THE FARM WORKERS' FIGHT FOR THEIR RIGHTS

With an appealing design and many black-and-white photographs, this paints a vivid, detailed picture of an important labor...

A skillful, compelling account of the complicated history of César Chávez and the farm workers movement, set in the context of the social and political tensions of the times.

“We used to own our slaves. Now we just rent them,” said a farmer in Harvest of Shame, a 1960 documentary about migrant workers. Union leader Chávez started picking produce as an adolescent and knew firsthand the brutal conditions farmworkers endured. Driven to change those conditions and raise wages, Chávez worked ceaselessly to organize California’s migrant workers into a union, which became the United Farm Workers. It successfully pioneered the use of boycotts to support strikes and adopted techniques such as fasting and protest marches from Gandhi and the civil rights movement. But hard-won victories were followed by setbacks at the hands of powerful farm owners and their Teamster allies.

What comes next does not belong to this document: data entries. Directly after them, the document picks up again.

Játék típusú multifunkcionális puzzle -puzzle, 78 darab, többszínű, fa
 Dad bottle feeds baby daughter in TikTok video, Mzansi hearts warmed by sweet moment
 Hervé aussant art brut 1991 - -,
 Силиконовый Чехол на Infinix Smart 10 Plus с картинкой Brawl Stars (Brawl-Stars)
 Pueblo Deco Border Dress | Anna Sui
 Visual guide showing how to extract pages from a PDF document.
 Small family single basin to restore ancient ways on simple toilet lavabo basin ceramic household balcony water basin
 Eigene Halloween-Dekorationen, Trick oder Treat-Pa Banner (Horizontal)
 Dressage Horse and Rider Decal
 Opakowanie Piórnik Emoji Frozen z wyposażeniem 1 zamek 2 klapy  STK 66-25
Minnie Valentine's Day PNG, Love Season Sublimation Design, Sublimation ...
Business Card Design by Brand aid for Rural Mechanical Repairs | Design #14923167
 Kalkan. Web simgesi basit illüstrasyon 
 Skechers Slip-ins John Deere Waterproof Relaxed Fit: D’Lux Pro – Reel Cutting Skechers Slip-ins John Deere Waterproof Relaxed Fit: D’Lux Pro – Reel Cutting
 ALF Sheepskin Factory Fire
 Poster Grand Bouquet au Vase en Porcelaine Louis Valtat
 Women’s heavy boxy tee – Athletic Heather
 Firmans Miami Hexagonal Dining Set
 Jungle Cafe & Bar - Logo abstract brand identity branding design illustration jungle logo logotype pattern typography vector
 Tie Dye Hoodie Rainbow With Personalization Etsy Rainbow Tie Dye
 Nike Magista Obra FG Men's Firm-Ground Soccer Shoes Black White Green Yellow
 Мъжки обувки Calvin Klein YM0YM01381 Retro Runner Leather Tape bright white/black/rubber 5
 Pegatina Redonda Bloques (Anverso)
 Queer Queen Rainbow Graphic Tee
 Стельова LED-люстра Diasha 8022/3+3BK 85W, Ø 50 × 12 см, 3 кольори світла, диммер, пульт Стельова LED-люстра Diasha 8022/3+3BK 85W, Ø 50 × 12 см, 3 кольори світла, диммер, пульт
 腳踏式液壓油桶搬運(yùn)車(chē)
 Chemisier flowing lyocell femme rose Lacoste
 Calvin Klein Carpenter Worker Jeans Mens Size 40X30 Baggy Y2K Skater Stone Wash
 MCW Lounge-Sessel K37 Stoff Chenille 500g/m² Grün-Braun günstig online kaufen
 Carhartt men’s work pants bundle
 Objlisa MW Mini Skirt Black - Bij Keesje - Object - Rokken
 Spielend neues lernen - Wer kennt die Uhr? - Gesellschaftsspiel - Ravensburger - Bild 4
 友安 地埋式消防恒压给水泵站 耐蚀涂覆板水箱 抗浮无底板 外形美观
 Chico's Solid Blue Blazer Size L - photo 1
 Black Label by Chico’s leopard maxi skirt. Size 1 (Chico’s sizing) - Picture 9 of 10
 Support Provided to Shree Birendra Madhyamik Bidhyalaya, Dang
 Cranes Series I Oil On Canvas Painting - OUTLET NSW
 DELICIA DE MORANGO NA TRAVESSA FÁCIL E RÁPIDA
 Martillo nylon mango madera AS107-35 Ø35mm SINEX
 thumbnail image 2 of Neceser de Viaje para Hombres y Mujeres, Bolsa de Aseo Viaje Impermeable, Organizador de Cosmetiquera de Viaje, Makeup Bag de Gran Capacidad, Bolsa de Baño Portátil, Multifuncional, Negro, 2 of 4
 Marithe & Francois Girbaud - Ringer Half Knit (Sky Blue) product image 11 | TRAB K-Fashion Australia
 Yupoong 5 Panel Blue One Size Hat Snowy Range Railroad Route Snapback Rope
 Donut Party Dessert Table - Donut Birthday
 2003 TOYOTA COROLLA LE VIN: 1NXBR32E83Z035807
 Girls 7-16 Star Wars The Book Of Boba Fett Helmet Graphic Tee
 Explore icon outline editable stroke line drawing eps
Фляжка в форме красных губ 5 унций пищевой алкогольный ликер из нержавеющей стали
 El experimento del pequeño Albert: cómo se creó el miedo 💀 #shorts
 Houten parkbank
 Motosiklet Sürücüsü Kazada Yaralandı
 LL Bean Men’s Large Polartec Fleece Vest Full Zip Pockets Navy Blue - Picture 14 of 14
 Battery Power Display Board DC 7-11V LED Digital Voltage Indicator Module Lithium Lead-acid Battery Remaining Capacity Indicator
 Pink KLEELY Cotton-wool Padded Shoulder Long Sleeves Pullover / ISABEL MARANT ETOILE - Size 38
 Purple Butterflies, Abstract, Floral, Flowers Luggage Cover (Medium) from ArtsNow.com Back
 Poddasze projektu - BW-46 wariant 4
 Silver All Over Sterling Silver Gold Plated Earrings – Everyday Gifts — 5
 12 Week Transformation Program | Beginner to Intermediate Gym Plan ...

The UFW also suffered from increasing tension between Chávez and Filipino-American union leaders, while others criticized Chávez’s emphasis on Catholicism and his aversion to dissent. Brimner’s evenhanded, well-researched narrative uses apt quotes to convey a sense of the people, their actions and their emotions. Appropriately enough, green and purple accent the pages.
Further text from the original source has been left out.